_ASSIGNED TASK_:
Word for word, set down every line of the entries below from the line with "Nike x Sacai LDWaffle Blue Multi 착용 스타일 - 2" to the line with "Single Family House", including both, and no other line.

_DATA FOR THE TASK_:
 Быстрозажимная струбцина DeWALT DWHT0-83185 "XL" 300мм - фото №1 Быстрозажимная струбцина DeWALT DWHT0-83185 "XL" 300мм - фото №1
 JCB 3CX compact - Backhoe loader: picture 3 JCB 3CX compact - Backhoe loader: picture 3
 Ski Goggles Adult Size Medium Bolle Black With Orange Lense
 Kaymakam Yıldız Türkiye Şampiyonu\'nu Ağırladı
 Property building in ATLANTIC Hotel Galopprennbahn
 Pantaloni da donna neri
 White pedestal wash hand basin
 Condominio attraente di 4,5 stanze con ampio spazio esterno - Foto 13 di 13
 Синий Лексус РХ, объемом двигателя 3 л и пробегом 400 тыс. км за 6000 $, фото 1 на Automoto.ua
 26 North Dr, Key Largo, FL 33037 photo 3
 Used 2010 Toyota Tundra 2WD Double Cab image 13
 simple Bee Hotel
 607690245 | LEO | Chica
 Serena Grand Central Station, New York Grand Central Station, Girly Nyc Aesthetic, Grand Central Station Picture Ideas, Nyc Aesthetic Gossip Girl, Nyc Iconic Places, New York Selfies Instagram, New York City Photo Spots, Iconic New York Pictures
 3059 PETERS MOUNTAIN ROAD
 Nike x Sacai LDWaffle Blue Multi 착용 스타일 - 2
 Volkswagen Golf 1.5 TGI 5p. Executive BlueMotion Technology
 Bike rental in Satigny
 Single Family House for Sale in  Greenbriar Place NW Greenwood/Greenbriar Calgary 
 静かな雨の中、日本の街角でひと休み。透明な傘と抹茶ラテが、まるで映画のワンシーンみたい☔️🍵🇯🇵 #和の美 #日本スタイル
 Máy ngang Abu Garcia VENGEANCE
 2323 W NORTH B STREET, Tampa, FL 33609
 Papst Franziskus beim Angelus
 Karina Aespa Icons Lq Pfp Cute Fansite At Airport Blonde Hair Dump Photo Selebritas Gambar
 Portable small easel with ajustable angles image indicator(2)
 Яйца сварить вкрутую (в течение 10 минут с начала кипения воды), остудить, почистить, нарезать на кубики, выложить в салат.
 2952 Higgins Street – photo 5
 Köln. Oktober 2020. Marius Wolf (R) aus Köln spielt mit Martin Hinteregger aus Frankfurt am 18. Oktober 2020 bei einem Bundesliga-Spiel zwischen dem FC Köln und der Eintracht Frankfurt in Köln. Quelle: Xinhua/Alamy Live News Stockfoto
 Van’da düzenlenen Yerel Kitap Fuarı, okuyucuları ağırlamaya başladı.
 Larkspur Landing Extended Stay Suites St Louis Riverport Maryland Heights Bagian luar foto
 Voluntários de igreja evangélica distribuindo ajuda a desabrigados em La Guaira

_RESULT FOR THIS EXERCISE_:
 Nike x Sacai LDWaffle Blue Multi 착용 스타일 - 2
 Volkswagen Golf 1.5 TGI 5p. Executive BlueMotion Technology
 Bike rental in Satigny
 Single Family House for Sale in  Greenbriar Place NW Greenwood/Greenbriar Calgary 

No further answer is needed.